Cents and sensibility

Now, sense finally having forced its way into the equation, I have my phone in hand as I shop, clipping deals as I go.

But my problem goes a step beyond groceries, as I also consider occasionally eating in restaurants a necessity. Besides the fact that editing Janay Wright’s food stories makes me hungry, going out to eat one or two meals a week helps solve the age-old dilemma that Queen of Soul Aretha Franklin once described as the biggest challenge she faces: “Just trying to figure out what to cook for dinner nightly, you know, just night after night.”

I also find that going to restaurants saves me the trouble of doing dishes, a problem that seems inexorably linked to figuring out what to cook night after interminable night.

The problem is that it is becoming unaffordable to go out to eat, and by “becoming,” I mean, “already become.”

It takes a lot of high-dollar prices for me to pause, take notice and adjust accordingly.
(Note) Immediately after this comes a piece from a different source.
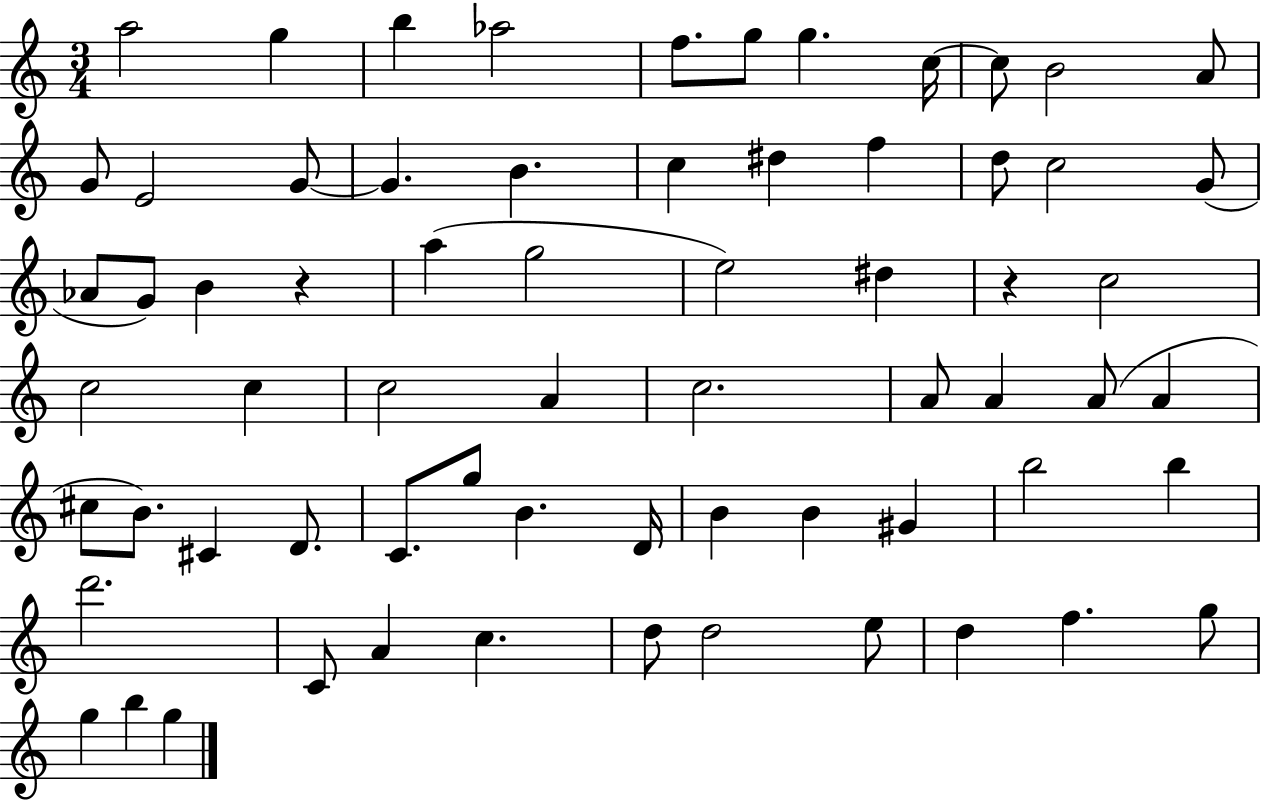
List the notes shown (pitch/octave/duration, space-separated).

Not because I am a big earner — ha! — but because I have a tendency to look away from disasters. I certainly read the grumblings on Reddit. I’ve done the quick math when dining out and figuring out the 20 percent tip, then quickly looked away before it really registered.
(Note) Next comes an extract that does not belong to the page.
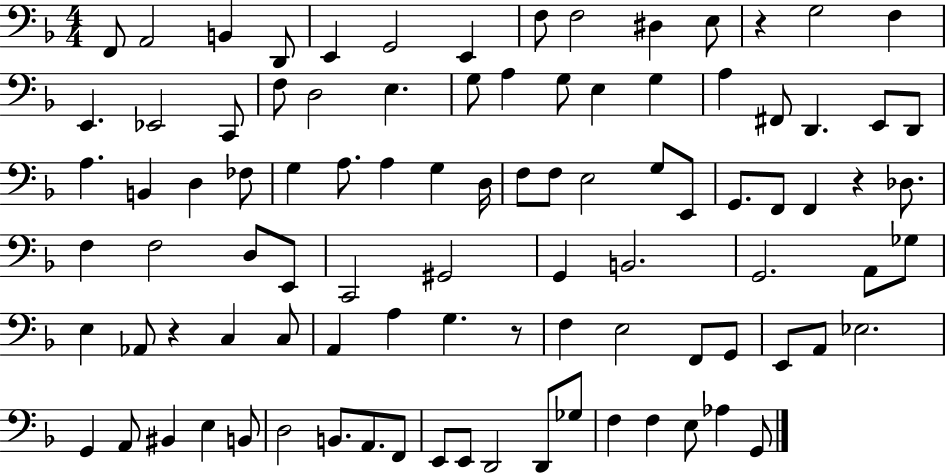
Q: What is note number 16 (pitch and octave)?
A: C2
Also, I may have gray hair and be old enough to recycle every drop of literature I get from the AARP, but I’m not what you’d call a real adult. My wife pays the bills in more ways than one. I’m not really sure why she keeps me around. I think maybe she likes skaters.

I can hear the anti-avocado toast set screaming over their bowl of Metamucil about my lack of thrift as someone who likes to occasionally dine out: “There’s your problem! You probably like to buy mochas once in a while, too! Harumph!”
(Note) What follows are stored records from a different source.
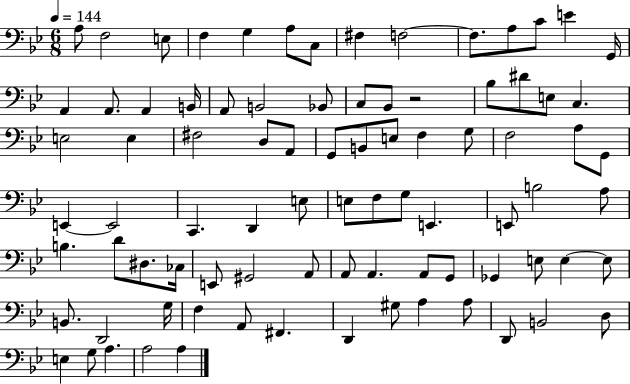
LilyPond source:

{
  \clef bass
  \numericTimeSignature
  \time 6/8
  \key bes \major
  \tempo 4 = 144
  \repeat volta 2 { a8 f2 e8 | f4 g4 a8 c8 | fis4 f2~~ | f8. a8 c'8 e'4 g,16 | \break a,4 a,8. a,4 b,16 | a,8 b,2 bes,8 | c8 bes,8 r2 | bes8 dis'8 e8 c4. | \break e2 e4 | fis2 d8 a,8 | g,8 b,8 e8 f4 g8 | f2 a8 g,8 | \break e,4~~ e,2 | c,4. d,4 e8 | e8 f8 g8 e,4. | e,8 b2 a8 | \break b4. d'8 dis8. ces16 | e,8 gis,2 a,8 | a,8 a,4. a,8 g,8 | ges,4 e8 e4~~ e8 | \break b,8. d,2 g16 | f4 a,8 fis,4. | d,4 gis8 a4 a8 | d,8 b,2 d8 | \break e4 g8 a4. | a2 a4 | } \bar "|."
}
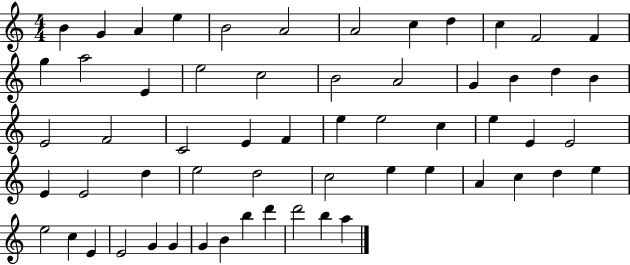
{
  \clef treble
  \numericTimeSignature
  \time 4/4
  \key c \major
  b'4 g'4 a'4 e''4 | b'2 a'2 | a'2 c''4 d''4 | c''4 f'2 f'4 | \break g''4 a''2 e'4 | e''2 c''2 | b'2 a'2 | g'4 b'4 d''4 b'4 | \break e'2 f'2 | c'2 e'4 f'4 | e''4 e''2 c''4 | e''4 e'4 e'2 | \break e'4 e'2 d''4 | e''2 d''2 | c''2 e''4 e''4 | a'4 c''4 d''4 e''4 | \break e''2 c''4 e'4 | e'2 g'4 g'4 | g'4 b'4 b''4 d'''4 | d'''2 b''4 a''4 | \break \bar "|."
}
True on both accounts, but I don’t have some extravagant lifestyle I need to rein in. I’m one of the least materialistic people I’m acquainted with. I mean, yes, you can cut out trips. Lord knows I have! You can wear the same old clothes forever. I certainly do! My wardrobe full of 10-to-20-year-old button-up shirts attests to my lack of acquisitiveness. Many of the T-shirts I own were given to me or sold cheaply by people I know in bands or who own skate companies, thank God. Drive a beater vehicle? I do! My wife and I own three cars, but they’re all long paid off. The oldest is a 2001, the newest a 2011. None were bought new. Two of them need new struts, to hear Les Schwab tell it.

I do have some lines I haven’t crossed. I now have the Safeway app, but I don’t yet drive across town to grocery shop (my struts are going).

Nobody’s foodie

My slowly dawning realization that I can no longer justify eating out a couple of meals a week was hastened when I paid $12.40 for a chicken sandwich and large fries from Wendy’s one night. Say what you will about my tastes, I don’t care. I am nobody’s foodie. Sometimes I get done skateboarding and fast food is — or was — the affordable option.

No wonder a few of my coworkers gently scoffed when, a month or two back, I suggested Janay write about where you can still find a $10 lunch in this town. “Maybe a $15 lunch” was the consensus. They weren’t kidding. When music writer Ben Salmon and I had lunch a while back at Five Guys, he pointed out that his burger, fries and soft drink were over $20 after tipping.

I don’t know what we’re supposed to do when food is exorbitantly priced whether you’re eating at home or dining out. I also don’t know what’s going to change, other than my diet.

Now if you’ll excuse me, I have a peanut butter and jam sandwich to make for lunch, minus the jam — it’s $6 for an 18-ounce jar, according to my app.